In most of these cases the local TDs and Councillors are there to state their case, take the flak and to listen to what the people are saying. Yet, We the Citizens say that they want “to demonstrate to Government and to all of the political parties that engaging with citizens in between elections works,”
But Irish politicians and Irish political parties already know that. We might not like the conclusions they reach or the actions they take – but no one can say that we do not have one of the most highly competitive constituency systems and most connected national politicians inEurope.
This surely is the paradox, or even the contradiction, at the heart of this whole exercise. It is this very level of local political engagement, this responsiveness to public mood that so many blame for our woes – including it seems We the Citizens.
Or could it be that the wrong group of politicians were just being responsive to the wrong mass of citizens.

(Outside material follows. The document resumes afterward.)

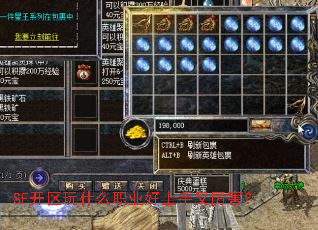 SF������ʲôְҵ��������������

Or, to put it the way a Labour activist tweeted during Primetime: “I wonder how many people who are in that studio repeatedly voted for FF and then complained about the state of the country.”
Isn’t that the public’s prerogative?
You are the one who is fixated on the solution.
Regarding your first “problem” a citizens’ assembly is definitely NOT a “focus group”. Yes, they are invited by stratified random selection, but a CA are not simply surveyed in a group. The whole point of a CA is to get these diverse people together to *deliberate* with the help of facilitation. Focus groups don’t deliberate, they just tell you as individuals their often misguided attitudes (especially when they are selected from marginal electorates to drive political manipulation). With deliberation, participants explore each other and unpack their various perspectives, beliefs and values. That’s what facilitation is meant to help them with, because most people aren’t used to doing that. We are more inclined to argue with each other and push our views as right and true. But by learning about how others approach problems, participants realise that the simplistic, commonly-expressed “populist” solutions may not be so hot.
Now you can judge the WtC recommendations as you want, and the process itself may or may not have been ideal (I wasn’t there, I’m in Australia). Perhaps these citizens were asked to do too much–their project was certainly ambitious. But in more local contexts, smaller-scale public engagement formats like “citizens’ juries” have been working very well in recent years to bring public values into the policy-generation mix and help politicians and administrators set policy about specific issues that satisfies most people most of the time, rather than pissing off half the people all the time.
Your second “problem” mixes apples with avocados. For some policy questions, especially those big messy ones, it may be better to get unaffiliated citizens involved, those who do not have an invested interest in any particular outcome. By randomly selecting participants, the organisers ensure as much as possible that the broadest range of public values and beliefs can find expression in the conversation. This is what gives these processes their democratic legitimacy. On the other hand, there are other types of policy problems that should involve stakeholders, partisans, activists or resident busy-bodies. Such processes are more akin to conflict resolution than democratic initiative.
The WtC project was clearly a demonstration of an initiative to enhance democracy. A project like WtC should spawn a national conversation about the benefits of public engagement and how it should be done best–that’s what the academics are examining.